The situation of these Liberian refugees encapsulates much of what is so wrong, and so deserving of opposition, in Trump’s immigration policy.  There appear to be only around 800 Liberians affected by this decision, but the smallness of the population makes Trump’s revocation of their status all the more telling.  There are real questions of whether Liberia is now safe — its first peaceful transfer of power since 1944 was only last year.  Beyond this, the idea that our vast country is somehow being drained by this small group of people is preposterous — but of course, as so often, it’s not the reality, but the symbolism, and the enactment of cruelty based on false premises, that’s the real point.  Indeed, the reality should give all but the hardest-hearted American pause.  All these Liberians have made lives in the U.S. for more than two decades, and are contributing members of society.  The Washington Post has two excellent recent articles about a pair of Liberian women affected by this decision.  One is a health care worker, the other an oncology nurse; no credible economic or social calculus could conclude that they are not adding to the overall national wealth of our nation.

The history of the relationship between Liberia and the United States elevates Trump’s decision on the DED program from one more example of his backwards ideology to perhaps its grotesque epitome.  Liberia, after all, was founded as part of an effort in the early 1800’s to return black Americans to Africa, born out of a racist belief that whites and black could not live together in the United States.  Just as Trump’s wall would be a monument to white supremacism, so the existence of Liberia itself already exists as such a living reminder of this mindset.  In a telling example of how Trump has tapped into long-standing currents of America’s darkest history, one of the immigrants profiled by The Washington Post, Afomu Kelley, is the descendant of a black American who moved to Liberia in the 19th century.  In other words, the same white supremacist impulses that led to the creation of Liberia in the 1800s are now leading the current American president to send Liberians back to that country.

To not call out and question this action is to be complicit in it, and it is some relief that Democratic politicians have been fighting the move (including Minnesota Representative Ilhan Omar, who brought a Liberian threatened by deportation as a guest to the State of the Union address last month).  It seems incredible to me that identifying the historical continuities in this situation, on top of the other sound arguments against such a cruel uprooting of contributing members to American society, cannot be forged into a weapon against Trump and his anti-minority allies.  If Trump can sensationalize murders committed by illegal immigrants, and put forward families of their victims as martyrs to a white nationalist vision, then Democrats should feel free to highlight the fact that actual American citizens — the U.S.-born sons and daughters of these Liberians immigrants — will be victims of the revocation of DED protection.  Parents will have to choose between taking their children to a country with which their offspring have no familiarity, or leaving their children behind: choices that no parent should ever have to make, and with which only the morally compromised cannot empathize.  
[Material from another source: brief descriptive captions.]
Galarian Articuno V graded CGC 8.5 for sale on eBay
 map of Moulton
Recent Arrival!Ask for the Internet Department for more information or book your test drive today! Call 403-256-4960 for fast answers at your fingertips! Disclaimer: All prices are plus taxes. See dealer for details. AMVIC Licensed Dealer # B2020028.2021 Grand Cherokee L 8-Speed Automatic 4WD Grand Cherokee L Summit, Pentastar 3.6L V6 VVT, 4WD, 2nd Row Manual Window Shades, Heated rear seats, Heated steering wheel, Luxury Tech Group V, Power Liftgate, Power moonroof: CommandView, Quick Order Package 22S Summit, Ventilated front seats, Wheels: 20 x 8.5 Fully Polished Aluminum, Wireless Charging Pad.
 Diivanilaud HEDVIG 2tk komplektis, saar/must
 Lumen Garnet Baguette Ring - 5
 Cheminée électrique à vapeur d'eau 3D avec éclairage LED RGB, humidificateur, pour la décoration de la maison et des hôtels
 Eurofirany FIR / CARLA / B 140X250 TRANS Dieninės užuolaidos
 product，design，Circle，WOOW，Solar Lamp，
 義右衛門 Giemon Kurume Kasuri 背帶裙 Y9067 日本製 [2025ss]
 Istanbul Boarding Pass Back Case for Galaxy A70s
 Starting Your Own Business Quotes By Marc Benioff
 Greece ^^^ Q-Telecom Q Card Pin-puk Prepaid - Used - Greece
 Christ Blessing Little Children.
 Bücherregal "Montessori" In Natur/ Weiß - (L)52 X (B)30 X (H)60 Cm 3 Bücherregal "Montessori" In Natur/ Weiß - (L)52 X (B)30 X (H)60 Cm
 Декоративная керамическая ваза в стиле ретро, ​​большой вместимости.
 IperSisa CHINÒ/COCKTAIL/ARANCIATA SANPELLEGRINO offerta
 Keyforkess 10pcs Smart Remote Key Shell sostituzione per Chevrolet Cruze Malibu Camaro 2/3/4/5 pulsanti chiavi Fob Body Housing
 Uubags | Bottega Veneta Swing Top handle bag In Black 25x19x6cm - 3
Trump’s strategy is to make us believe he’s against illegal immigration, but revocation of DED protection for Liberians and others shows this to be a lie.  He seeks to deport people who have been here for many years, have worked hard and contributed to the American economy, and in many cases have either American-born children or children brought here at such a young age that they have deep connections to the U.S. and might be considered American citizens for all reasonable purposes.  In purporting to enforce immigration fairness, he in fact makes war on our social fabric and the notion that every individual has something to contribute.  More than this, he seeks to make us believe our country is weak, and indeed seeks to weaken it, by trying to make us afraid of the immigrant next door — by making us afraid of each other.  In this, he is a fine advocate against himself.  The Democrats must move out of defense, and learn to use his flawed policies against him.